UPDATE: This article was updated with comments from Presiding Commissioner Jerry Nolte.
The Clay County Drug Task Force may lose part of its funding today due to what the County described as a breach in contract with its contracted audit firm.
Excelsior Springs Police Lt. Larry Tarrant said he describes the Drug Task Force as a valuable asset to law enforcement and communities within the county since the 1970s.
"If the funding is lost, our community and others in the county will have lost an important resource - one that is vital in battling illegal drugs and the crime and heartache that accompanies them," he said. "The quality of life within our county will undoubtedly suffer as a result of potentially losing the Clay County Drug Squad.”
According to a letter released by the Assistant County Administrators Nicole Brown, Brad Garrett and Laurene Portwood, grant funding may be lost due to the lack of a routine single outside audit performed by RSM US, LLP of Kansas City being submitted as part of the grant application. They said County officials have not received the required single outside audit at this time.
"In order to secure funding, the grant administrator for the federal funding that supplements a portion of the Clay County Drug Task Force has indicated that the County may not receive this funding for 2019 until the audit is released," they said. "Clay County is not in possession of this document despite numerous requests to the contractor."
According to a letter written by Lowell Pearson of Husch Blackwell, counselor for the County, sent to RSM on Oct. 10, the County re-entered into a contract with the audit firm on Feb. 8.
"As the RFP and Contract Terms and Conditions make clear, RSM was or should have been aware that: (1) the County needed an audited financial statement June 28th of the contactual year to remain in compliance with its bond covenant, and (2) RSM was contractually obligated to release to the Clay County Commission the final audit reports no later than June 30th of the contractual year," he said. "As of this date, RSM has failed to release the final audit reports to the Clay County Commission, and as a result, is in breach of contract."
Pearson's letter goes on to state, the damage caused to Clay County as a result of RSM's breach can no longer be described as theoretical in nature.
"The Clay County Sheriff's Department participates in the Missouri Western Interdiction and Narcotics Task Force, alongside the Kansas City Police Department," he said. "According to Captain Steven Siercks of the Sheriffs Department, a grant to continue funding for this program is dependent upon submission of a final audit report, referred to as a 'Single Audit.' The Health Resources & Services Administration may terminate the grant as a result of a 'Delinquent Single Audit.' Additionally, Siercks noted that further delay in submission of the Single Audit could jeopardize all federal funding that Clay County receives through the HRSA."
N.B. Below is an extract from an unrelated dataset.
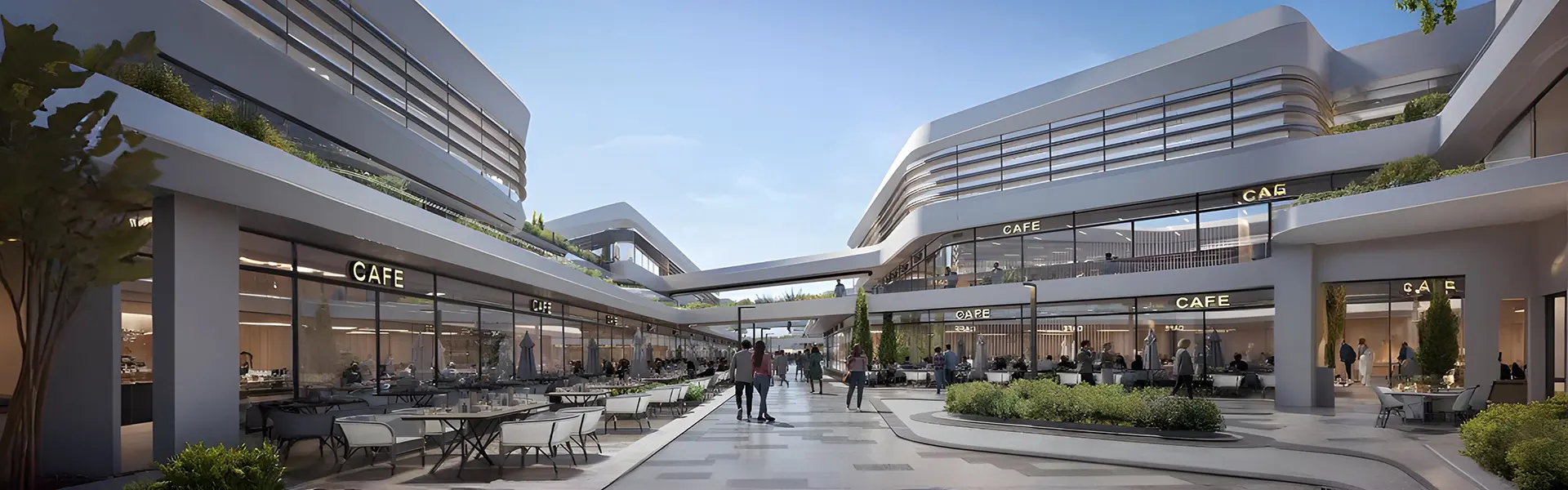 Seven Commercial | October Gardens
Presiding Commissioner Jerry Nolte said the County not being able to present the audit could not only jeopardize future grant funding opportunities but could also label Clay County as an unreliable party. This could put other partnerships the County entered into at risk as well.
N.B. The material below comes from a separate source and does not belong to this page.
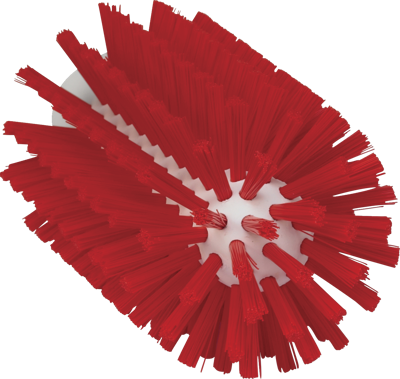 VIKAN BUIZENBORSTEL MEDIUM ROOD 77MM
"I am very concerned that the failure of Clay County to produce this legally required outside audit, not only will cause the loss of this drug task force grant and additional grants, but that Clay County will be seen as an unreliable partner in the region further tarnishing our reputation," he said.
The Assistant County Administrators said the grant in question only funds a portion of the Drug Task Force.
"The Clay County Sheriff's Office retains sufficient budget funding in its personnel lines to temporarily accommodate the lost grant revenue and prioritize Drug Task Force personnel," they said.
Budget information provided by the county shows $446,115.58 in unused personnel at year‐ending 2017 and $582,372.37 in unused personnel at year‐ending 2018.
However, Nolte said he describes the sheriff's budget as "already drastically underfunded."
"Anyone who advocates for the Sheriff to make up the funding shortfall for the drug task force caused by the county’s failure to produce the legally required outside audit is either trying to bankrupt the Sheriff’s Department or is totally ignorant of the realities of our budget," he said.
According to his letter, Pearson said he described RSM's breach as a serious problem for Clay County. The County demanded the final signed audit report be provided to Clay County by 5 p.m. on Friday, Oct. 18.
"If this deadline is not met, Clay County will take all steps necessary to protect its interests," he said.
As of press time, the Assistant County Administrators have not received the final signed audit report.
A representative from RSM said due to its firm policies and ethical considerations, they do not comment on client engagements.
Updates to this developing story will be provided as they become available.